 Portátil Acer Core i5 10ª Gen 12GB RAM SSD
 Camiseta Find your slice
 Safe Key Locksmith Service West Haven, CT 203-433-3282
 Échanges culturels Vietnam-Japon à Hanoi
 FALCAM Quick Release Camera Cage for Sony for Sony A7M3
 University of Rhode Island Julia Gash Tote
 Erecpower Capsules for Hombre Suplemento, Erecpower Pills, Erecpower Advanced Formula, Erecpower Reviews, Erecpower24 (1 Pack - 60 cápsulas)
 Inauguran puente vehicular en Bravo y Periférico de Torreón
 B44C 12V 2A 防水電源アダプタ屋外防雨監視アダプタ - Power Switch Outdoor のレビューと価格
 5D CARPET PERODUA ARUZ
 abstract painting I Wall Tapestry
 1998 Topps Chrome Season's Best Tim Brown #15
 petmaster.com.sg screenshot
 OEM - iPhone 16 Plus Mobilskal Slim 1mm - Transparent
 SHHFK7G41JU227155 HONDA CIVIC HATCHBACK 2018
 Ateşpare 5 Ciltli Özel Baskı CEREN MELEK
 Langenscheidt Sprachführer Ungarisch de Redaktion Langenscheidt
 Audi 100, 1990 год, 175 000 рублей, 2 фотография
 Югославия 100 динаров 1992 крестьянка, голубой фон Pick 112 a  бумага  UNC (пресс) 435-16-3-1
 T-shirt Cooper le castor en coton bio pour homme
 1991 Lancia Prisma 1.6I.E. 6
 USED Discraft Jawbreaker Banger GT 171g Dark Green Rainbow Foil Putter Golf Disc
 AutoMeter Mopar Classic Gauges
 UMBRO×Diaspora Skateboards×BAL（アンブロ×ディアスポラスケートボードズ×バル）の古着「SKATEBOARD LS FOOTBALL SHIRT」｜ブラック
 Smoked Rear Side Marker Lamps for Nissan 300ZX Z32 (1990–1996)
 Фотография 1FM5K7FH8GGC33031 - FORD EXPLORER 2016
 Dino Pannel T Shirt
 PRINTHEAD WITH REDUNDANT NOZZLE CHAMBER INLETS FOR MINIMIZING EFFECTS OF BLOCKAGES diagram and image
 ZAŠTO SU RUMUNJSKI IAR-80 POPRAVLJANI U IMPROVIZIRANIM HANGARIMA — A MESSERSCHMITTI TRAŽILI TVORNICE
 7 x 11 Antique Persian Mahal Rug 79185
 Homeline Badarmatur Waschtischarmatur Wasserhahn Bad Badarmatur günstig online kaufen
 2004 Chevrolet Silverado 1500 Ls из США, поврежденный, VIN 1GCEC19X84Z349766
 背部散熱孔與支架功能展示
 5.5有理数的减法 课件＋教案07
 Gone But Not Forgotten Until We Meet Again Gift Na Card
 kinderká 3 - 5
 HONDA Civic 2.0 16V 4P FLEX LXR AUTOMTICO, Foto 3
------------
Which lines run from the one holding "abstract painting I Wall Tapestry" through the one holding "LS FOOTBALL SHIRT」｜ブラック" in the records above? Repeat them exactly, both included, and nothing more.

 abstract painting I Wall Tapestry
 1998 Topps Chrome Season's Best Tim Brown #15
 petmaster.com.sg screenshot
 OEM - iPhone 16 Plus Mobilskal Slim 1mm - Transparent
 SHHFK7G41JU227155 HONDA CIVIC HATCHBACK 2018
 Ateşpare 5 Ciltli Özel Baskı CEREN MELEK
 Langenscheidt Sprachführer Ungarisch de Redaktion Langenscheidt
 Audi 100, 1990 год, 175 000 рублей, 2 фотография
 Югославия 100 динаров 1992 крестьянка, голубой фон Pick 112 a  бумага  UNC (пресс) 435-16-3-1
 T-shirt Cooper le castor en coton bio pour homme
 1991 Lancia Prisma 1.6I.E. 6
 USED Discraft Jawbreaker Banger GT 171g Dark Green Rainbow Foil Putter Golf Disc
 AutoMeter Mopar Classic Gauges
 UMBRO×Diaspora Skateboards×BAL（アンブロ×ディアスポラスケートボードズ×バル）の古着「SKATEBOARD LS FOOTBALL SHIRT」｜ブラック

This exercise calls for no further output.